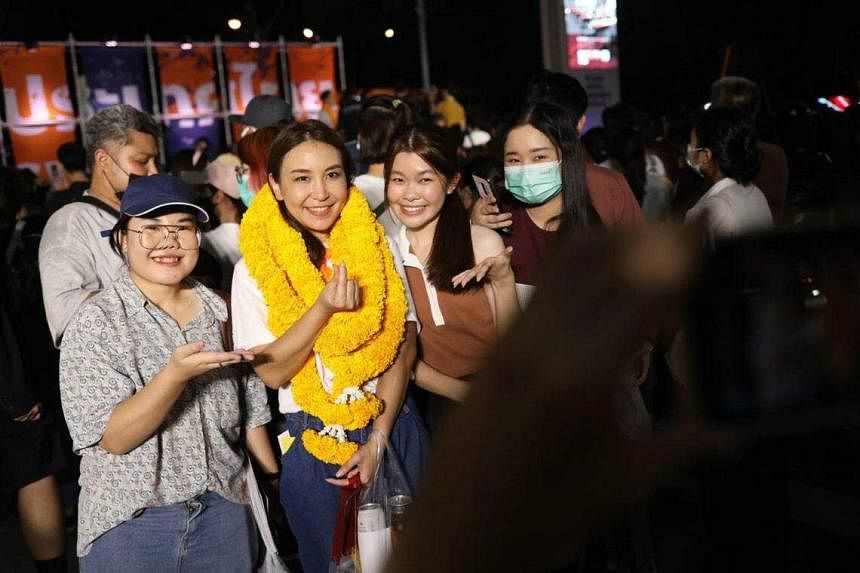 Young politicians stimulate Thai elections with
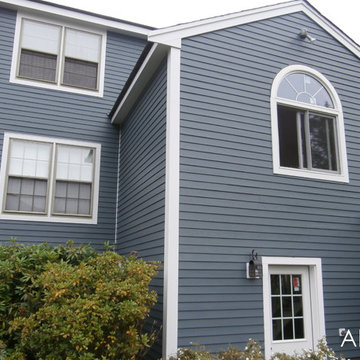 Marblehead, MA - James Hardie HardiePlank Select Cedarmill siding in Evening Blu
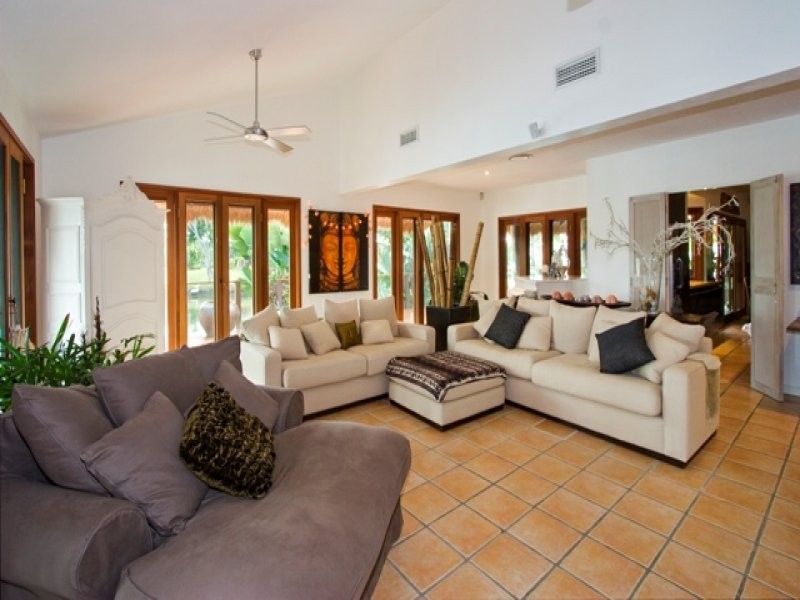 16 Eady Avenue, Broadbeach Waters QLD 4218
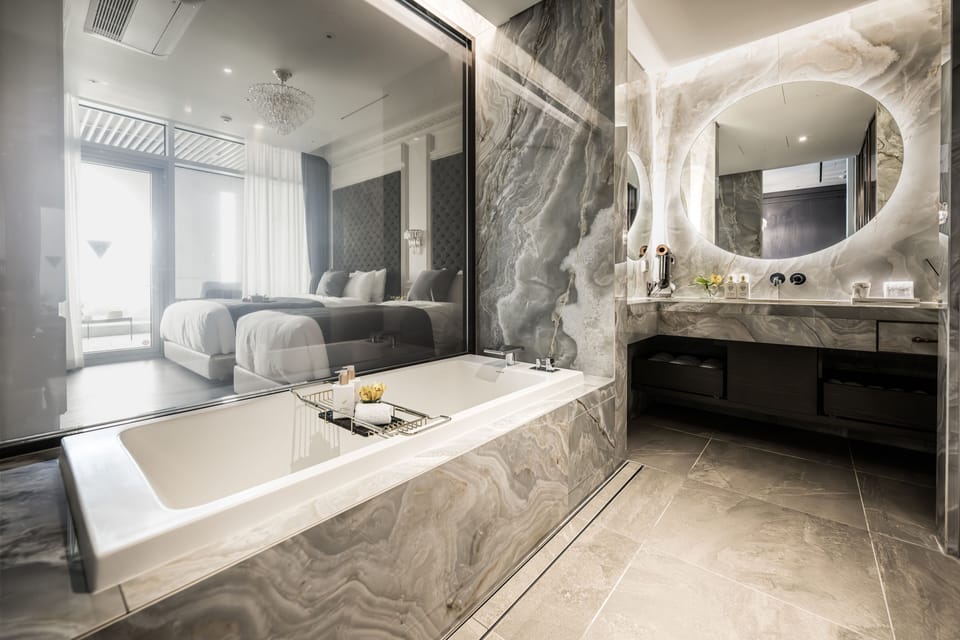 Rainfall showerhead, free toiletries, hair dryer, bathrobes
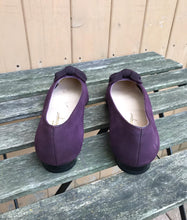 Load image into Gallery viewer, SALVATORE FERRAGAMO Patent Leather Suede Ballet Flats
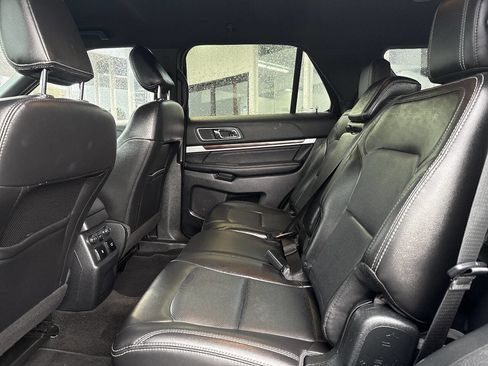 Used 2018 Ford Explorer Limited image 28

****

• **PROBLEM REQUIREMENTS**
From the line containing "Load image into" down to the end of the data above, reproduce each line exactly; no pictures.

• **TASK RESULT**
 Load image into Gallery viewer, SALVATORE FERRAGAMO Patent Leather Suede Ballet Flats
 Used 2018 Ford Explorer Limited image 28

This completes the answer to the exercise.